***** Exercise inputs

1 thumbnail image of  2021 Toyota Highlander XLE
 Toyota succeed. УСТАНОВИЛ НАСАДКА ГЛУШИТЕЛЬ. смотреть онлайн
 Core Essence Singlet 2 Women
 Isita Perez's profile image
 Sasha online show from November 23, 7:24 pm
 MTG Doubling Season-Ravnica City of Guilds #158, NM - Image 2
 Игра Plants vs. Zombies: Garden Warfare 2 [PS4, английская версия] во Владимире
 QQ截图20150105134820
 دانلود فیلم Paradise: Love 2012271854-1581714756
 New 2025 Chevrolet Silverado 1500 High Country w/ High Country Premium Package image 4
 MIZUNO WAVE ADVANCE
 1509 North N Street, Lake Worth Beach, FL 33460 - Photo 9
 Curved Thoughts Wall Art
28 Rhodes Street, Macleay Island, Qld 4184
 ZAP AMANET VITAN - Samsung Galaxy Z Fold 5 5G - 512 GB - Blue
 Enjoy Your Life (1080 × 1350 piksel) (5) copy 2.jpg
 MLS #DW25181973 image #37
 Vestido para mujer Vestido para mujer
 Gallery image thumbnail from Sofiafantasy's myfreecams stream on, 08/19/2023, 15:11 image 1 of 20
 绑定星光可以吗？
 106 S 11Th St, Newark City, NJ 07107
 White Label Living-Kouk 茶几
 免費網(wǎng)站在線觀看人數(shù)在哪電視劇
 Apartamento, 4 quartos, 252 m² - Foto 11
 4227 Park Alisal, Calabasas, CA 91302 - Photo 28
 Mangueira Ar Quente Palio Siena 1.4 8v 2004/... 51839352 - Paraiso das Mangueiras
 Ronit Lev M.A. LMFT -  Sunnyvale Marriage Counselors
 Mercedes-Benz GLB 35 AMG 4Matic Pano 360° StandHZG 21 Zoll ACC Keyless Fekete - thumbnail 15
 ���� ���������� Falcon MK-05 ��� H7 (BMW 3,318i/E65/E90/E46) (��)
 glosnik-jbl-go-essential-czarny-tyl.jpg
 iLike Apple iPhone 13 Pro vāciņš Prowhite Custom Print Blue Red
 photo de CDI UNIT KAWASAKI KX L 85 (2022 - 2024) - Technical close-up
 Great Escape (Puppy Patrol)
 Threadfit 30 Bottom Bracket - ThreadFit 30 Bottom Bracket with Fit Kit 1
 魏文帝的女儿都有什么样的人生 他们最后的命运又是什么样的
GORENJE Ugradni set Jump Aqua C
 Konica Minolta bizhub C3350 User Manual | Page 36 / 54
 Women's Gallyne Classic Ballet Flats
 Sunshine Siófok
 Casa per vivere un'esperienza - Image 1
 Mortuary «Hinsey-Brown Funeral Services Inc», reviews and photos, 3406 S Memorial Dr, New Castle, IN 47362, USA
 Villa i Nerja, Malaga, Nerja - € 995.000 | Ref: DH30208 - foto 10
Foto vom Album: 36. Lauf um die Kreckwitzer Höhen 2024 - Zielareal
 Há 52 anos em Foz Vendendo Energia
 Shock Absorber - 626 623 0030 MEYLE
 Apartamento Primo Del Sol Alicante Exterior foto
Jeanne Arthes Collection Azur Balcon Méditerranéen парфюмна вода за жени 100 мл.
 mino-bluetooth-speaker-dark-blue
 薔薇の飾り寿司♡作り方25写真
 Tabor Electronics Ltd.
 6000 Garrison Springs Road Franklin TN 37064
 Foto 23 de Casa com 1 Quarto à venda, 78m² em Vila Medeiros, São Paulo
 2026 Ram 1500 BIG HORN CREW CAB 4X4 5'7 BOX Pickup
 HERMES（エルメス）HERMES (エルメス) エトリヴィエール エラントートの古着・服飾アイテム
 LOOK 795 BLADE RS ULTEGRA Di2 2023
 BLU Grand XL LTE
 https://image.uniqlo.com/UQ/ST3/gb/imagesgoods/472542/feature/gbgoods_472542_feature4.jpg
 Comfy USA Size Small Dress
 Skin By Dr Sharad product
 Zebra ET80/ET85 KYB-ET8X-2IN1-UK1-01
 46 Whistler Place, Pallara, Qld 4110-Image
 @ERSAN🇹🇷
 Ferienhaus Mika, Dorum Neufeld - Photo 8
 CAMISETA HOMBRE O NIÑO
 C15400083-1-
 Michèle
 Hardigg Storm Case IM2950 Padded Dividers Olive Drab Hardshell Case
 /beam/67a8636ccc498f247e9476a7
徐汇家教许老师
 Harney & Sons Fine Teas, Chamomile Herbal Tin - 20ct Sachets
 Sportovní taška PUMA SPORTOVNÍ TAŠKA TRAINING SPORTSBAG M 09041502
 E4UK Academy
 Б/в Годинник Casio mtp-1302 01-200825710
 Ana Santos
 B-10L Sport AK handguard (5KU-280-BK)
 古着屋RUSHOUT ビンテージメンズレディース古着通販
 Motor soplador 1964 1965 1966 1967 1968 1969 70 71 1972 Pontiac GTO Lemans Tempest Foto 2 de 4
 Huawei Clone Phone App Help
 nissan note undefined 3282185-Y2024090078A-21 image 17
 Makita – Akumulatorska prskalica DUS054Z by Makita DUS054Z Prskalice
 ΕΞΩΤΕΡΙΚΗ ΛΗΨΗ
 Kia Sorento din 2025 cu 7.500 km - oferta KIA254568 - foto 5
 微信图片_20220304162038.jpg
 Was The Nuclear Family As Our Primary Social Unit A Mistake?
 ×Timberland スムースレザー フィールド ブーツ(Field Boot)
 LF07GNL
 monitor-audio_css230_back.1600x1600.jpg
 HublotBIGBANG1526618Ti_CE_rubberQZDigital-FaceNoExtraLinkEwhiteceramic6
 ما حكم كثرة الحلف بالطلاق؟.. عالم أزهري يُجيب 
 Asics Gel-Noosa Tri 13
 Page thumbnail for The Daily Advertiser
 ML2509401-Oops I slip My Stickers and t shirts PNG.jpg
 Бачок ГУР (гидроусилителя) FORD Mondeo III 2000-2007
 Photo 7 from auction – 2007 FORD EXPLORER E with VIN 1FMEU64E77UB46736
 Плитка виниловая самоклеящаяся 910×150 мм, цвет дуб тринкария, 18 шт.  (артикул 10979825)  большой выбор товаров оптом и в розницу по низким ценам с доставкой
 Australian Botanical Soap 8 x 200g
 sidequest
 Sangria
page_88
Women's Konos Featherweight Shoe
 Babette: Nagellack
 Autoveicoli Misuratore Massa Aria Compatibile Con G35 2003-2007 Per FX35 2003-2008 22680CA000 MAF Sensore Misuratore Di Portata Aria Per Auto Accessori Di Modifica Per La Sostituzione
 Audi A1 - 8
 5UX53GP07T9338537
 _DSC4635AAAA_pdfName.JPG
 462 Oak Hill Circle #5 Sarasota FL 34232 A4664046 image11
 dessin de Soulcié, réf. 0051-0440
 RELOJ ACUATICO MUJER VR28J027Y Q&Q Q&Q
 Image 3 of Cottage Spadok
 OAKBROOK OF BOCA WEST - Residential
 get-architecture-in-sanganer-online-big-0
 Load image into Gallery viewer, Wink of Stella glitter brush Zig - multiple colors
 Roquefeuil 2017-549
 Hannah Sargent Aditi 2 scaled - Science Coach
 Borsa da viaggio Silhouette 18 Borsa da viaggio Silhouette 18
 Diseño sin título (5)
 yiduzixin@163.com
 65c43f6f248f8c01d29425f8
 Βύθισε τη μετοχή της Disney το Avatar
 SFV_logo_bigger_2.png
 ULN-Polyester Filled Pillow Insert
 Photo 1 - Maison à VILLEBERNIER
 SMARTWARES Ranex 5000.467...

**********

Scan the entries above and return each line that holds "with".

**Exercise response**.
 Threadfit 30 Bottom Bracket - ThreadFit 30 Bottom Bracket with Fit Kit 1
 Photo 7 from auction – 2007 FORD EXPLORER E with VIN 1FMEU64E77UB46736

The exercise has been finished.